Singapore has sentenced a drug suspect to death at a court hearing held on the videoconferencing app Zoom because of the city-state’s COVID-19 lockdown, in a decision criticized by a human rights group as callous and inhumane.
Defense lawyer Peter Fernando said the Singaporean Supreme Court announced the penalty to his client, Punithan Genasan of Malaysia, in a virtual hearing on Friday last week.
Genasan was in jail, while Fernando and prosecutors participated in the hearing from different locations.
A spokesperson said that courts have been conducting hearings and delivering judgements remotely to minimize the spread of the coronavirus.
The spokesperson, who declined to be identified under court policy, confirmed that Genasan’s case was the first “where a death sentence was pronounced by remote hearing in Singapore.”
Singapore is not the first nation to do so. Human Rights Watch said that a man in Nigeria was also sentenced to death via Zoom earlier this month, reportedly for murder.
“This has been the arrangement made by the court ... with essential hearings conducted via Zoom.
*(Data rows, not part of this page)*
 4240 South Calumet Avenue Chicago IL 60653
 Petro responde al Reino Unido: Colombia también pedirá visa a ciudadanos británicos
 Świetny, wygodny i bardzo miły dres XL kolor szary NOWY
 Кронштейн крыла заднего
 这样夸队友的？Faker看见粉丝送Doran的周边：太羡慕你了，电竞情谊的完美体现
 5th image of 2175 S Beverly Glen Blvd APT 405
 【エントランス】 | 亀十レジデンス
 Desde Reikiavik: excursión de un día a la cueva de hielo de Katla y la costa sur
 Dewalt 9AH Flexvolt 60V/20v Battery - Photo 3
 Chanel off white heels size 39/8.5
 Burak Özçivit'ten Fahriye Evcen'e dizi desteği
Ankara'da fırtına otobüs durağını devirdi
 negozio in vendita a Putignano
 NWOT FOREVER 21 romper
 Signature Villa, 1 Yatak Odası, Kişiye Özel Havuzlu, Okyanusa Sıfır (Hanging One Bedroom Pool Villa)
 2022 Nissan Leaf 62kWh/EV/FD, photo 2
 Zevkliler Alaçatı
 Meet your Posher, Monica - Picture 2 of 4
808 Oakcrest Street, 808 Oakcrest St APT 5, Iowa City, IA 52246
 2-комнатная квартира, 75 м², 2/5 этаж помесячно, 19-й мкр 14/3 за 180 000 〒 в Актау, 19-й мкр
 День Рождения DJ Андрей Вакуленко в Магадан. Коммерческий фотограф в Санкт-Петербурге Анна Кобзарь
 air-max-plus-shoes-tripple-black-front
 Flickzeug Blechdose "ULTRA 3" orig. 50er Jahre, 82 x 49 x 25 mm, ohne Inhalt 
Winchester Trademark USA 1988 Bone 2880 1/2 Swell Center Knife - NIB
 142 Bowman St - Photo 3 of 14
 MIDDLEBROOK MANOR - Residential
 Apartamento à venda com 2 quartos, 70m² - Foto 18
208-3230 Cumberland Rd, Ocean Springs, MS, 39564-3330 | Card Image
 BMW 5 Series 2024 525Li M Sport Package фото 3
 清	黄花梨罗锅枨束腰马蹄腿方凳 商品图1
We have no complaints,” Fernando said on Wednesday.
He said he would meet Genasan today to discuss an appeal.
The court ruled that Genasan, 37, was involved in drug trafficking in October 2011.
Court documents showed the judge found that he recruited two drug couriers, and directed them to transport and deliver 28.5g of heroin.
Singapore applies the death penalty to a range of offenses, including drug trafficking, murder, kidnapping, waging war against the government and use of firearms.
Human Rights Watch said the death penalty is already cruel and inhumane.
“It’s shocking the prosecutors and the court are so callous that they fail to see that a man facing capital punishment should have the right to be present in court to confront his accusers,” Human Rights Watch deputy Asia director Phil Robertson said.
He said it raised concerns about why Singapore is rushing to conclude the case via Zoom.
Amnesty International urged Singapore to abolish capital punishment altogether.
“At a time when the global attention is focused on saving and protecting lives in a pandemic, the pursuit of the death penalty is all the more abhorrent,” Amnesty International death penalty adviser Chiara Sangiorgio said.